# got my little girl last night



## versagirl (Feb 16, 2009)

Hi, I'm new to the forum! its awesome that you all are around. I got a little Hedgie girl yesterday shes between 10-11 weeks, very friendly and active and sweet. I was looking around and I had her running around my living room and she was fine, but in her cage she kept scratching herself, I see a lot of you use a piece of fleece rather then litter, right now I'm using carefresh should I just take that out?

Here is a camera phone picture of her, dident want to scare her with a big camera in her face just yet 









Also, I'm in the process of reading the primer, its very helpfull!


----------



## Zalea (Sep 12, 2008)

She's gorgeous! *steals her before anyone else can* 

Welcome to the forum! And congratulations on your new little girl!

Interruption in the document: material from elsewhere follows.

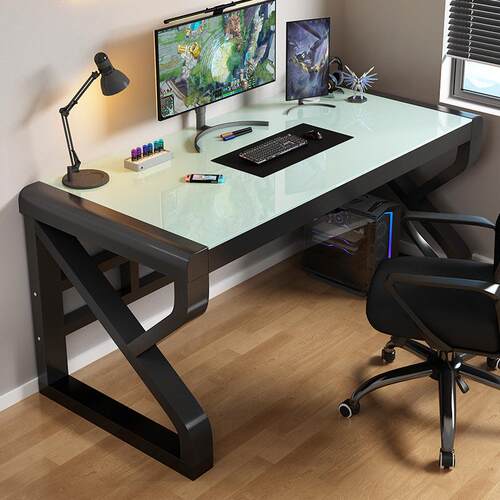 电12.12桌台式书电桌学生家卧室办公桌钢化玻璃简易小户型竞脑桌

Most people prefer to use liners instead of carefresh because carefresh can cause problems if accidentally ingested. With liners you don't have to worry about that. I would use carefresh as a litter pan bedding at the most, not as a total cage bedding--and even then I'm not too fond of it, I just use a paper towel. I would recommend switching to liners. You can use a piece of fleece cut to cage size or buy specially made ones. Nancy sells liners on her site: http://freewebs.com/thehedgieden/.


----------



## Amy (Feb 11, 2009)

My hedgehog kept getting carefresh caught in her nose and ears. Sometimes the dust would crust around her eyes. I would recommend only using it for litter if you still have a bunch of it around.


----------



## hedgie love (Aug 28, 2008)

Welcome! Your hedgehog is so cute! (aren’t they all?) 

Taking out the CareFresh and replacing it with a fleece liner is up to you. I started with CareFresh but replaced it because it is dusty and gets everywhere! If you would like to replace it you can make a liner with a piece of flannel and fleece sewn together. (the flannel goes on top when in the cadge.) If you want a liner but don't want to make one nancy sells them.

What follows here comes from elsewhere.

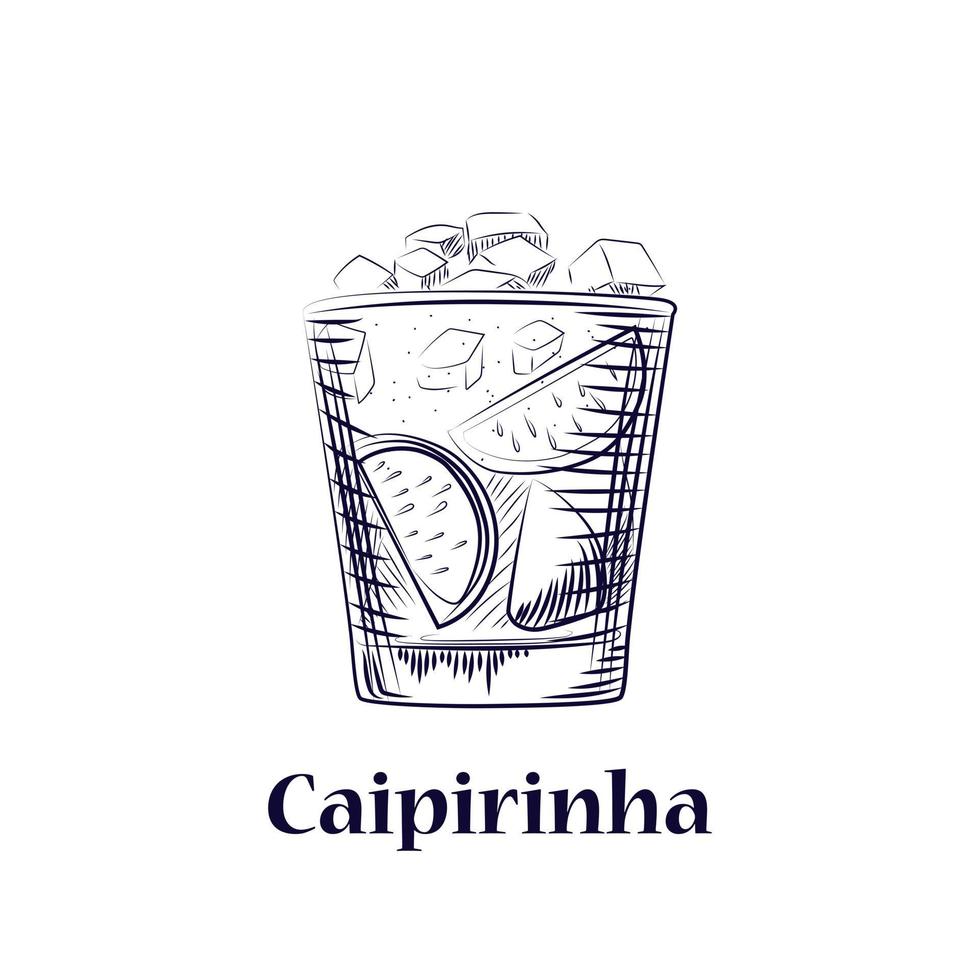 Hand drawn sketch cocktail cachaca, sugar and lime. Isolated coctail vector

The scratching could be because your hedgehog is quilling or the dust from the CareFresh could be bugging her skin.


----------



## versagirl (Feb 16, 2009)

looks like I'll be going to the fabric shop after work, cheaper just to make one myself. thanks for the info!


----------



## sebian (Aug 29, 2008)

versagirl said:


> looks like I'll be going to the fabric shop after work, cheaper just to make one myself. thanks for the info!

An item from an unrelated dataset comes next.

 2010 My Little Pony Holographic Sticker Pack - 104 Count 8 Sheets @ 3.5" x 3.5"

You can also see if Target/Marshal's/Homegoods (if you have one in your area) has micro-fleece blankets on sale and just cut them to size.. That's what I do =) Last time I got a king size fleece blanket for $17 and I got about 9 liners out of it


----------



## hedgie love (Aug 28, 2008)

sebian said:


> versagirl said:
> 
> 
> > looks like I'll be going to the fabric shop after work, cheaper just to make one myself. thanks for the info!
> ...


Just fleece doesn't work as well as flannel and fleece. The flannel makes it easer to wash and helps it last longer.


----------



## Lilysmommy (Jan 7, 2009)

Wow, I just wanted to say, she's BEAUTIFUL!  She's so cute! I want to get a white hedgie now! (sorry Lily!) :lol:


----------



## sebian (Aug 29, 2008)

hedgie love said:


> Just fleece doesn't work as well as flannel and fleece. The flannel makes it easer to wash and helps it last longer.


Ours get changed every night, so there's really no time for them to get too gross. Nothing has fallen apart either, and we've been using them for at least a year.

And yes, Versagirl, she's such a cutie (I forgot to tell you that in my OP =D)


----------



## hedgie love (Aug 28, 2008)

sebian said:


> hedgie love said:
> 
> 
> > Just fleece doesn't work as well as flannel and fleece. The flannel makes it easer to wash and helps it last longer.
> ...


Just repeating what Nancy told me.


----------



## sillybowtie (Oct 6, 2008)

She looks just like my Ace!!! Does she have any black spots on her?


----------



## versagirl (Feb 16, 2009)

Nope, she dosent have any colored spots, all white. Boy is she a sweetheart shes likes to cuddle up so much! although I was walking around barefoot last night and stepped on a quill she had lost and that really was not pleasent....but I still love her!


----------